L’elevato valore del film è dovuto innanzitutto all’eccellente sceneggiatura del talentuoso Andrew Kevin Walker (responsabile ad esempio anche dell’altrettanto ottima sceneggiatura di Seven, il film di genere noir di David Fincher del 1995, forse il capolavoro del regista americano), che descrive in modo realistico, con dialoghi sagaci e con sferzate di umorismo nero, i sordidi rapporti di affari (e non solo) tra alcuni degli abitanti più noti della piccola città, mettendo in luce progressivamente, con una serie di colpi di scena, la cospirazione in atto, fino all’incredibile rivelazione della verità.

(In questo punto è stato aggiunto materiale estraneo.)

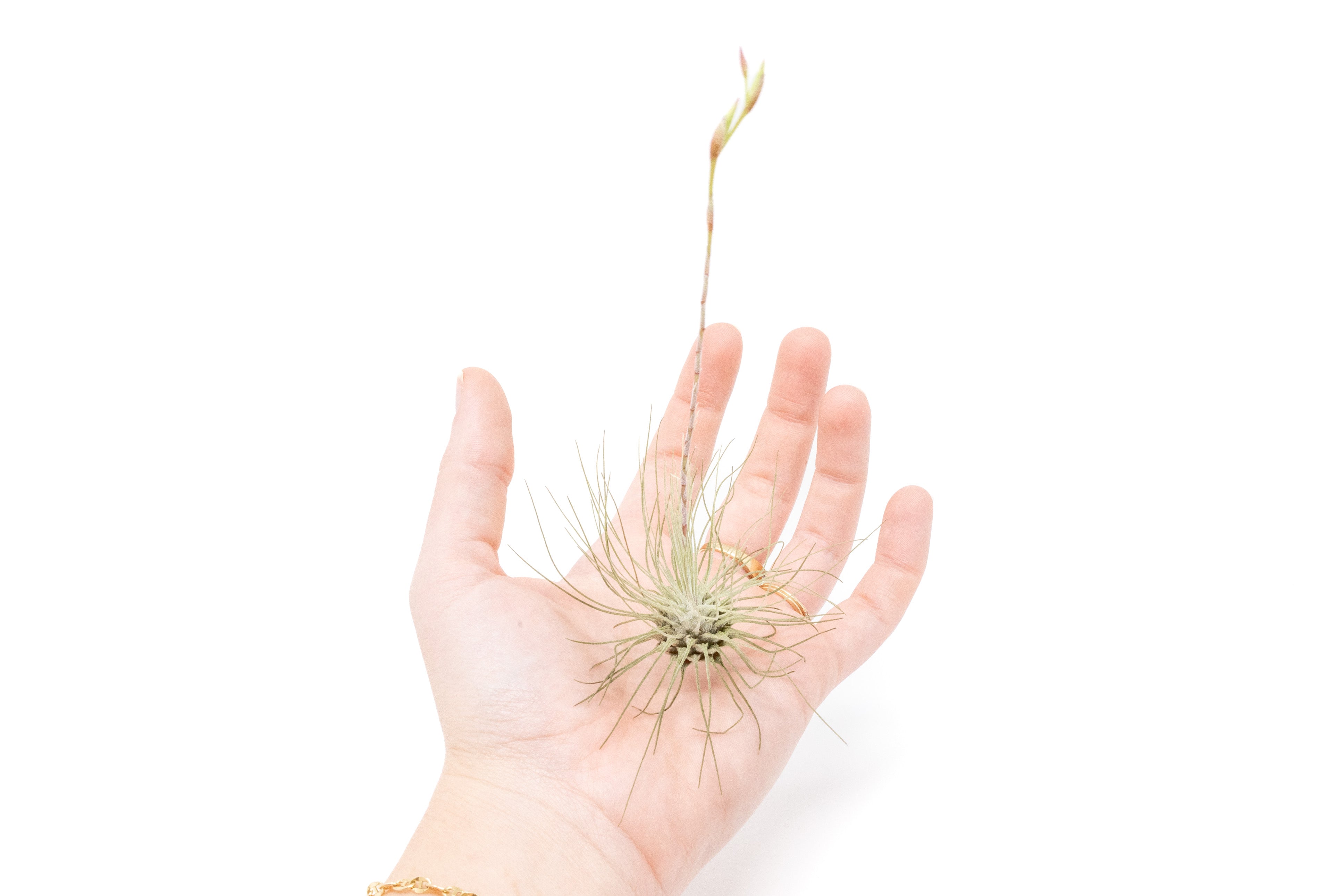 Tillandsia Argentea Thin Air Plants-airplant-The Succulent Source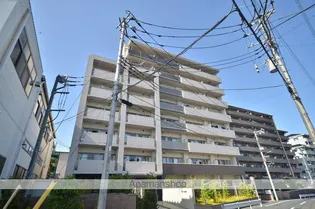 エクセルソフィアの画像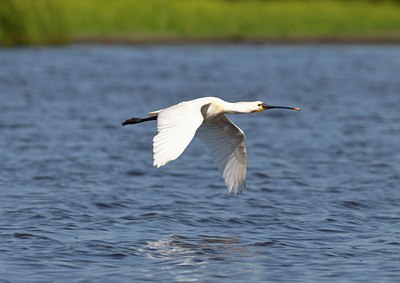 BUITEN BEELD Foto: 67790
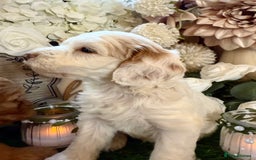 Cockapoo dogs for sale: Gorgeous Cockapoo puppies - Advert 8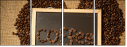 76232432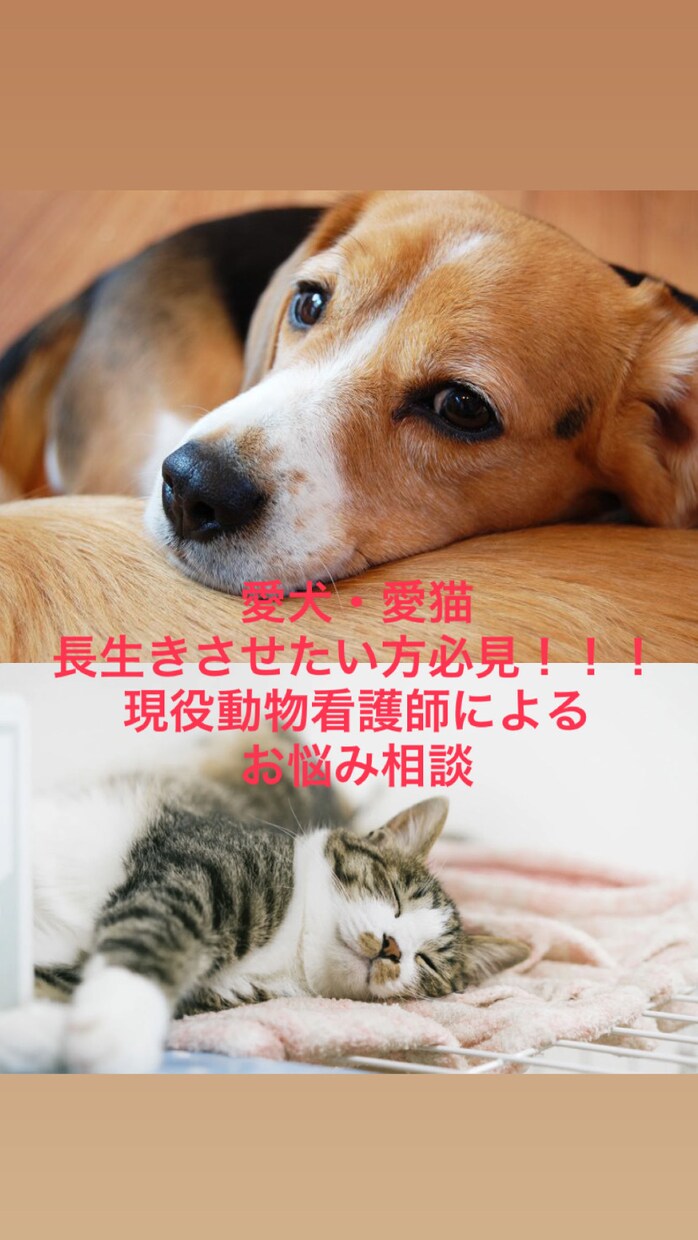 ペット（犬・猫）の健康のお悩み解決します 愛犬、愛猫の病気や健康について現役動物看護師が解決！！ イメージ1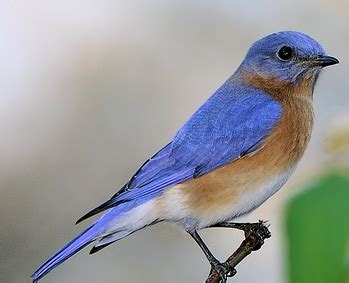 EASTERN BLUEBIRD | The Texas Breeding Bird Atlas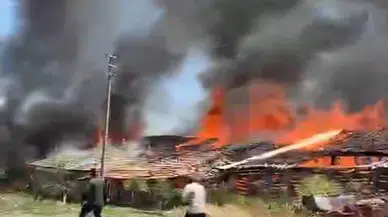 Ankara'da ahır yangını; 12 büyükbaş öldü
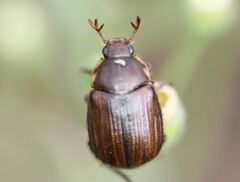 Anomala quadripunctata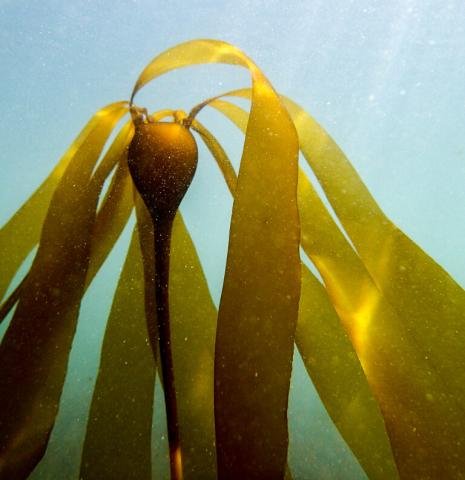 Bull kelp baby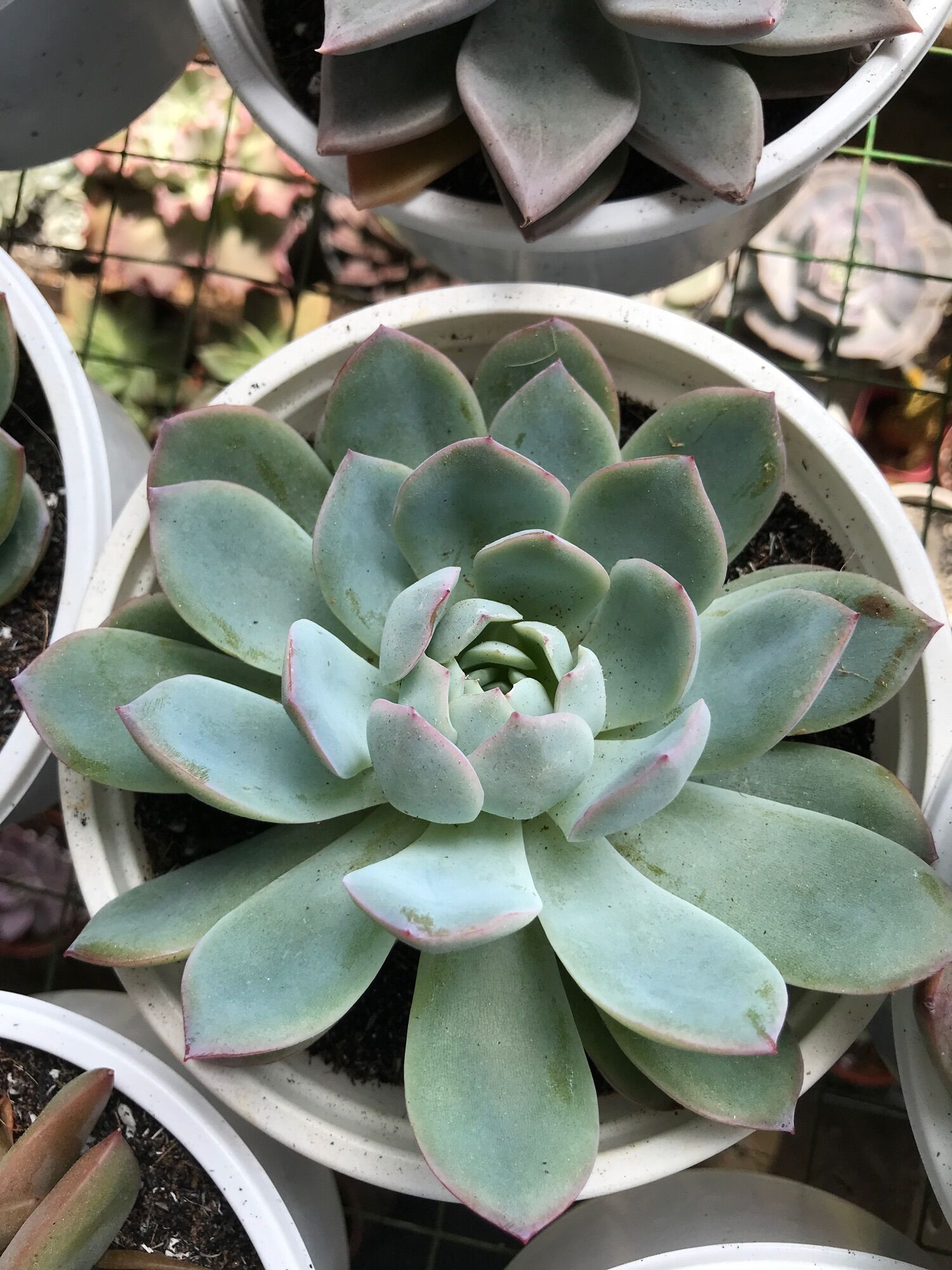 Sen đá vượt size tô 15cm đã thuần  giống mới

Diversi i temi approfonditi, alcuni dei quali ricorrenti per Burton: il contrasto tra razionalità (rappresentata dal protagonista con le sue idee illuministe) e irrazionalità (costituita dagli abitanti di Sleepy Hollow e dalle loro credenze); l’evidente diversità del protagonista in confronto a tutti gli altri, unico scienziato (o “prototipo” di scienziato) che si avvale della scienza e della tecnologia, circondato da individui ignoranti e superstiziosi e per questo da lui stesso apertamente stigmatizzati; l’incomprensione e il latente ostracismo nei confronti del protagonista da parte della comunità; i dubbi emergenti riguardo alla sua fede scientifica di fronte all’irrompere del soprannaturale nella realtà.
Oltre a ciò la regia scorrevole e dinamica di Burton, a tratti calma nel mostrare usi e costumi degli abitanti, a tratti scattante nel seguire le improvvise apparizioni del cavaliere senza testa, riesce perfettamente a rendere avvincente una storia già ampiamente meritevole. C’è poi un’enorme cura (come sempre nelle opere del film-maker) nelle scenografie di Rick Heinrichs e nella fotografia di Emmanuel Lubezki, che contribuiscono ad evocare un’atmosfera romantica e a tratti fiabesca e surreale. Il film ha vinto un Oscar per la migliore scenografia, due BAFTA (l’Oscar inglese), due Saturn Award e numerosi altri premi, oltre ad aver raccolto molte nomination per diversi premi.
02) Edward Mani di Forbice - (Edward ScissorHands, Usa, 1990)
Senza dubbio uno dei film più famosi del regista di Burbank, Edward Mani di Forbice (di genere fantasy) resta probabilmente la sua opera più emblematica, cioè quella che meglio rappresenta lo stile e i temi di Burton. La trama narra di Edward, un sorta di moderno mostro di Frankenstein in parte umano e in parte macchina ma dall’indole quieta e gentile, creato da un anziano inventore che vive in solitudine nel suo castello, ai margini di una piccola città: ma, quando l’uomo muore per un attacco cardiaco, Edward resta incompleto, privo cioè delle mani e con due paia di affilate forbici al posto di esse. Un giorno viene dunque ritrovato da Peggy Boggs, una rappresentante di un’azienda di cosmetici in visita al castello la quale, accortasi che il ragazzo è innocuo e intenerita dalla sua triste condizione, decide di portarlo a casa sua e di “adottarlo”, aiutandolo ad integrarsi con le altre persone.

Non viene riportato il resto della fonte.